Le Conseil d’État remet aussi en doute le cadre trop flou qui définit la formation que les pharmaciens devront effectuer avant de pouvoir administrer le vaccin.

Pourquoi pas d’autres professionnels de santé?

En outre les Sages s’interrogent : pourquoi le gouvernement n’a pas songé à d’autres professionnels de santé pour agrandir le cercle des personnes pouvant administrer le sérum anticovid ? Sont citées les infirmières des réseaux d’aides et de soins, les infirmières exerçant à titre libéral, les infirmières des hôpitaux, les sages-femmes ou encore les kinésithérapeutes.
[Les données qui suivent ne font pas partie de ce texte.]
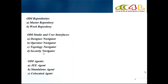ODI Agents — we are going to have Java agents: standalone agent and collocated agent. Whenever you want to execute any mapping in ODI — we call it an interface in 11G, whereas in 12C people call it a mapping — to run or execute that mapping, we need an external agent or an inbuilt agent. Once we install ODI, we will have three types of agents: J2 agent, standalone agent, and collocated agent. These agents are required to execute any particular mapping.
Pour toutes ces raisons, le Conseil d’État a décidé de formuler une «opposition formelle» au texte qui lui a été soumis. La Haute Corporation appelle gouvernement et Chambre des députés à déterminer avec «plus de précision  les matières du volet technique et du volet pratique» tout comme «les critères selon lesquels la durée de la formation spécifique est fixée».

Une révision intégrale du projet de loi pourrait devenir nécessaire, ce qui va venir retarder le lancement de la campagne de vaccination dans les pharmacies du pays. Dans un premier temps, la fin décembre avait été évoquée.

Plutôt des centres de vaccination près des pharmacies?

Une piste est cependant avancée pour sauver la mise : «Au vu du défi de légiférer à court terme avec le soin requis,  le Conseil d’État se demande s’il ne serait pas plus adapté de prévoir dans une première phase et à l’instar de la Belgique, la mise en place de centres de vaccination situés près des pharmacies voire à l’intérieur des pharmacies qui disposent des locaux nécessaires et qui sont disposées à s’associer à la promotion de la campagne de vaccination contre (le) covid-19 et de maintenir ainsi également la consultation obligatoire d’un médecin avant la vaccination selon le cadre dressé par les lois et les règlements grand-ducaux en vigueur».